Living in Society Social Commentary

Step Forward


Having bit my tongue for several years about the state of our electorate, 2015 will be a time of writing about our politics and society in a process of working through ideas, to determine a path by which progressive ideas can gain more solvency in government.

Meeting so many people since 2012—in politics, in retail sales, in farm work, and in writing—my understanding of how society works, and the attitudes of people who live in it has grown. Society is not what I thought—at all.

My formative years began when in 1959 I secured a card for the public library bookmobile that stopped near our house. I read biographies about people important to the growth of our culture. There were a lot of them, although the names I remember are the Ringling brothers, Thomas Edison and George Washington Carver. I gained an understanding that through personal industry, thrift and good ideas, a person could create things that mattered in society and made life better.

I wasn’t the only person who learned this as the ideas grew from the founders and persist. Matthew Josephson articulated this American idea in his 1934 book The Robber Barons.

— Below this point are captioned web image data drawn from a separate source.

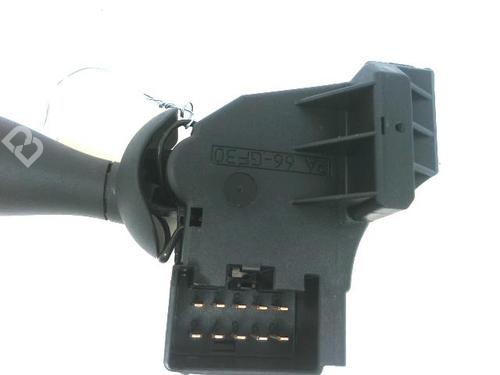 Steering column stalk FORD FIESTA V (JH_, JD_) ST150 | BP20910554I23 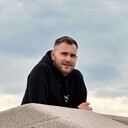 ���������� �������, ���� ������� Antoha, 33 ����, ������������ ��� ������, ����� � ���������, c�������� ���������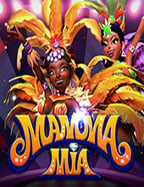 สุดยอดวิธีเล่น ด บอล ufabet ที่คุณต้องรู้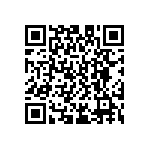 D55342E07B191ARWS QRCode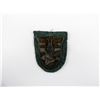 Image 1 : WWII GERMAN MILITARY CRIMEA SHIELD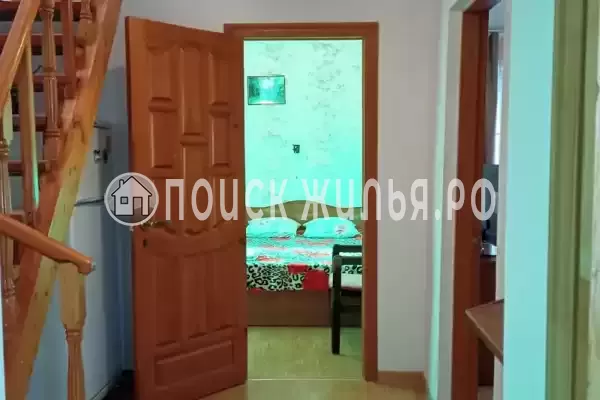 «Агойский бриз»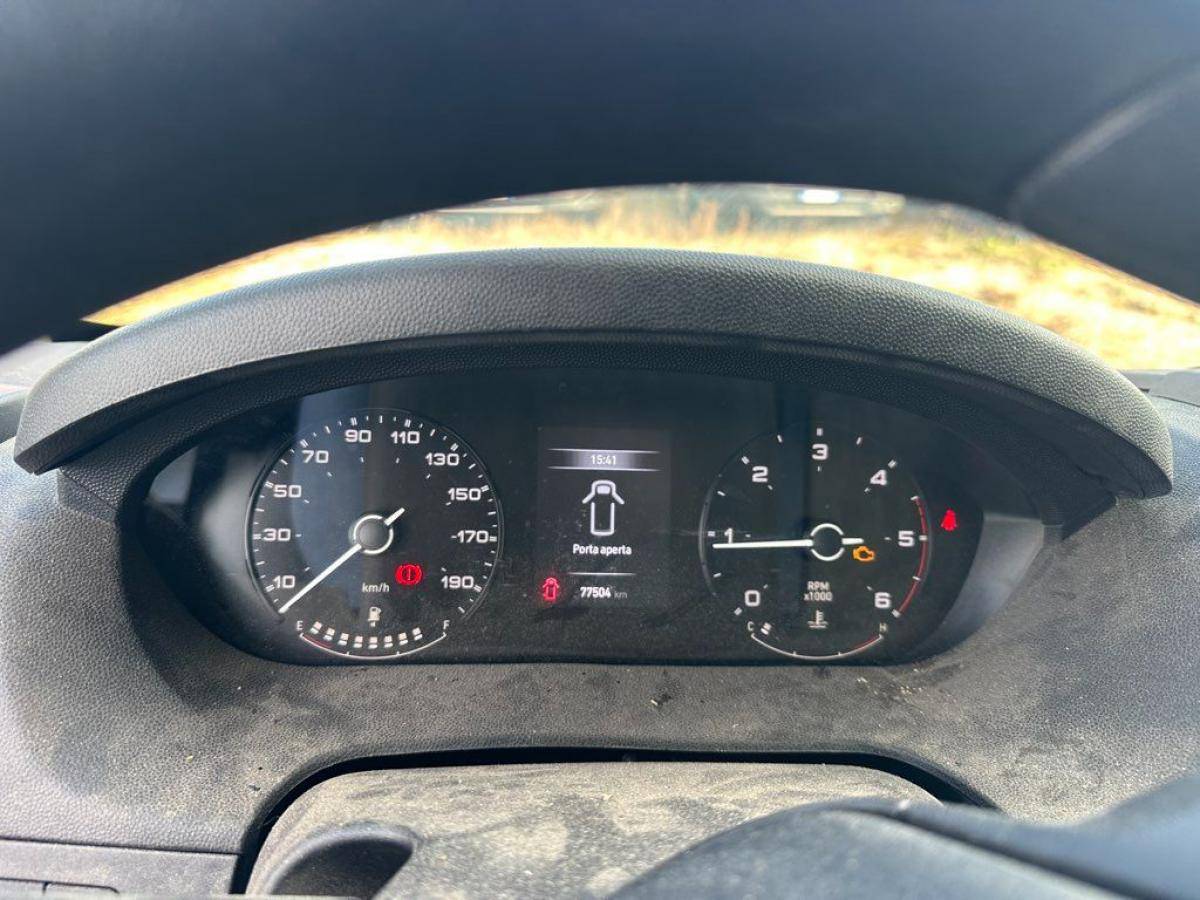 fiat-ducato-2023-diesel-2184cc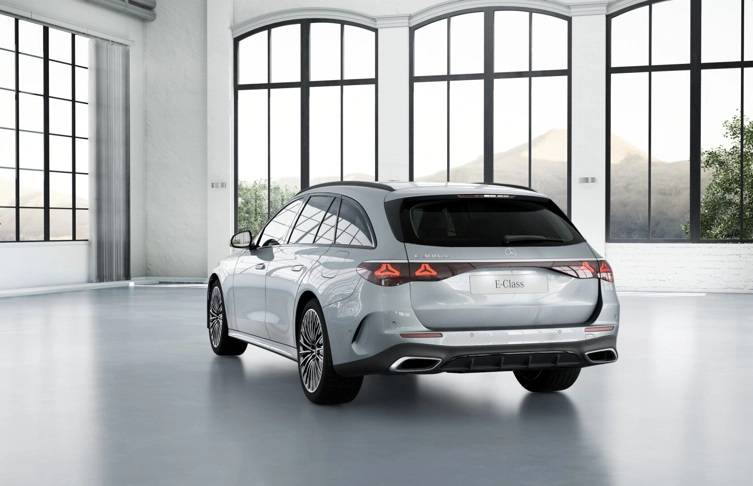 foto_2995620_27200209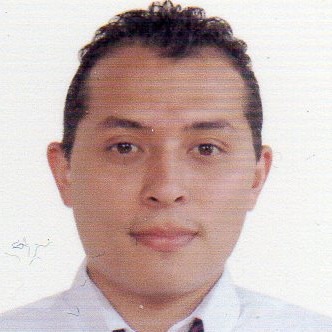 Alonso Cortes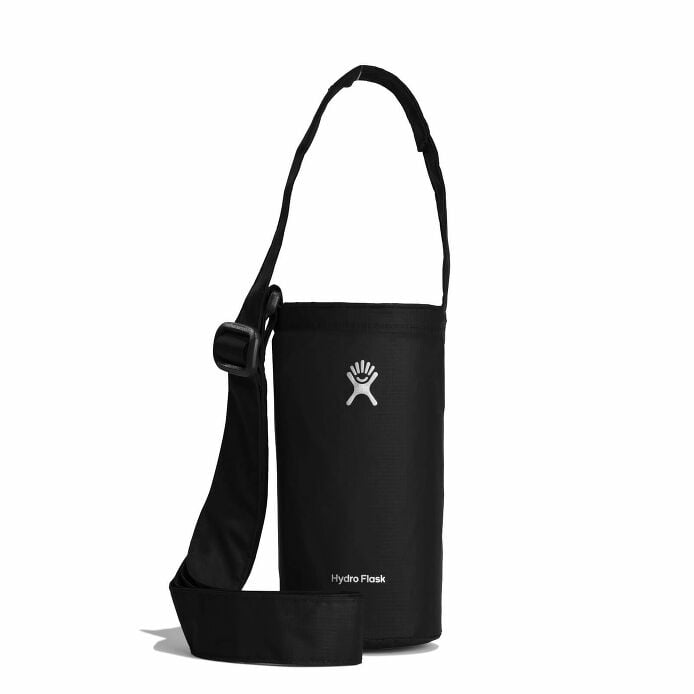 Medium Packable Bottle Sling T8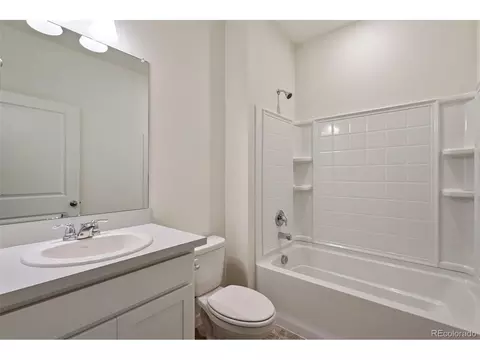 13587 Valentia St, Thornton, CO 80602 photo 18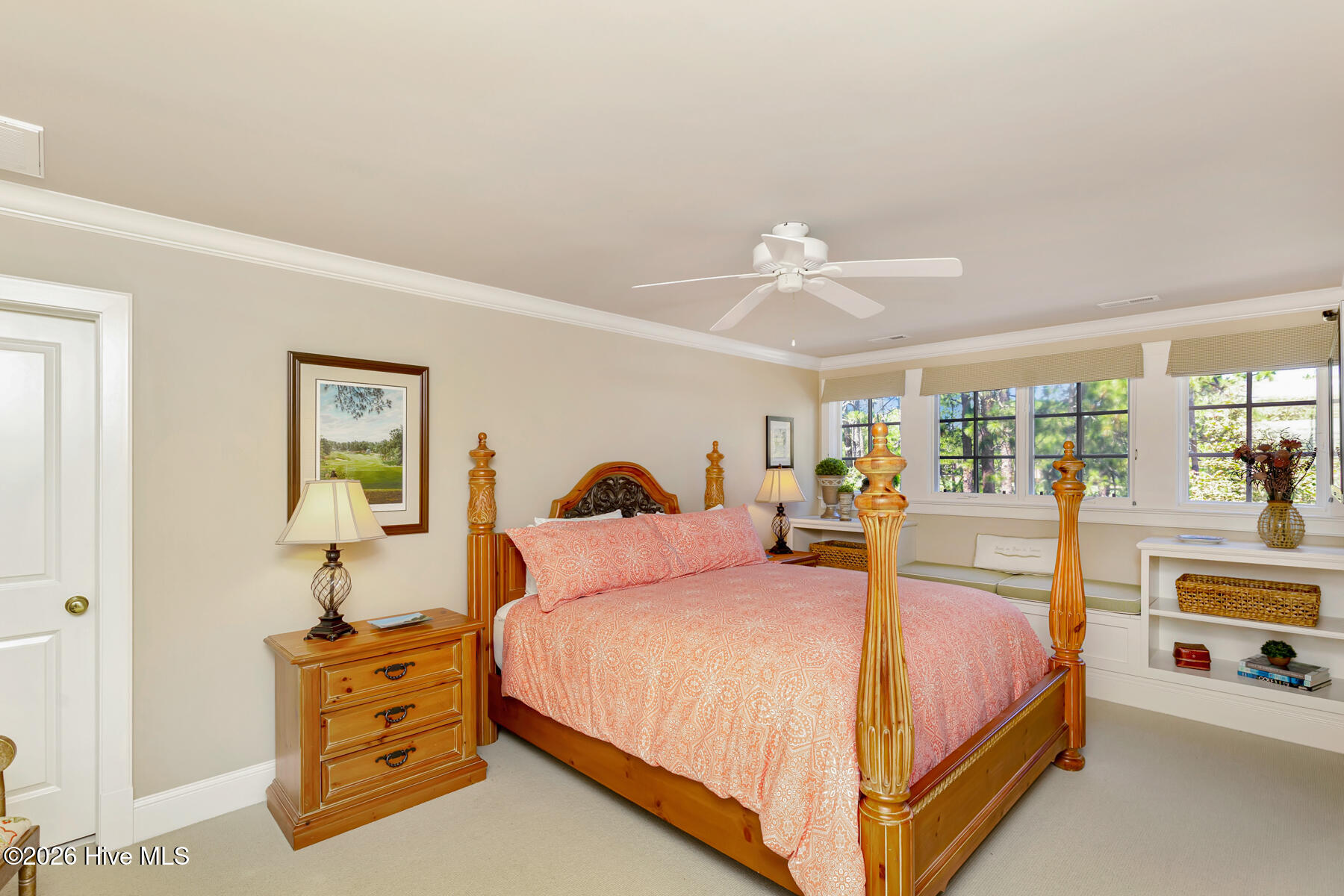 50 Brookhaven Road
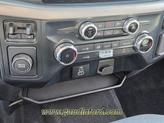 Thumbnail of 2025 Gray Ford F-150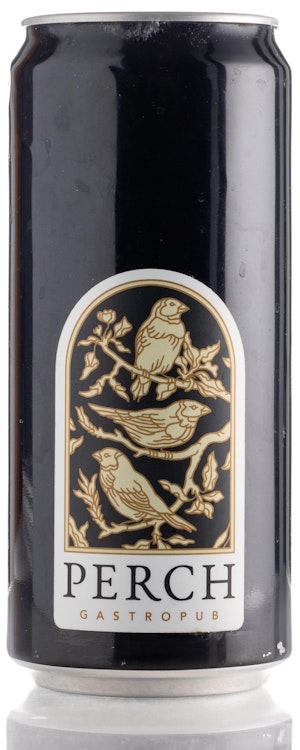 Perch Gastropub Simple Village Image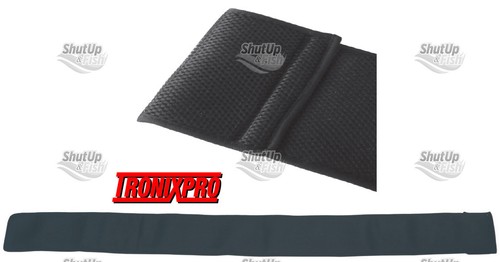 Tronixpro replacement padded - replacement,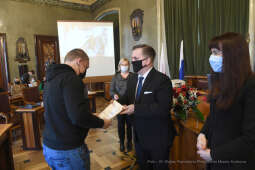 1717jpg.jpg-„Gdybym był Hooverem...”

In a brief cycle, the laissez-faire political philosophy of a Jefferson, having given free reign to self-interest, would stimulate the acquisitive appetites of the citizen above all. These, whetted by an incredibly rich soil, checked by no institutions or laws, would determine the pattern of American destiny. The idealism of Jefferson’s Declaration of Independence, and his Inaugural address of 1801, would be caricatured in the predatory liberty of the “Valley of Democracy” where, as Vernon Parrington has said, Americans democratic in professions, became “middle class in spirit and purpose;” where freedom came to mean “the natural right of every citizen to satisfy his acquisitive instinct by exploiting the natural resources in the measure of his shrewdness.”

With minimal modification, Josephson’s language could describe attitudes of an electorate that in the same year brought us U.S. Senator Joni Ernst and Representative Dave Loebsack. It elected State Senator Bob Dvorsky and State Representative Bobby Kaufmann. It is a spring which nurtures dichotomies: people worked long hours to elect President Obama while others fly the confederate flag; row croppers manage the land with chemicals while others restore it to prairie; consumers are more connected to the world, while seeking small enclaves to live their lives in isolation. The picture isn’t clear, but clarity is coming.

Josephson describes what so many people want to get to—satisfying our acquisitive instincts through exploitation of a world that hangs in a balance because of human activities since the dawn of the industrial revolution. This is a bankrupt idea in light of what we know about the interconnectedness of our lives, but it persists, driven by a social setting in which church, family and work play a pronounced role.

The rest of understanding will come. While beginning the new year I plan to spend more time in the garage, yard, garden and kitchen while continuing my work in sales, writing and other odd jobs assembled to sustain us financially. Hopefully that will be a sustainable framework for exploring these ideas.

There is everything to gain and nothing to lose as we sustain our lives in a turbulent world.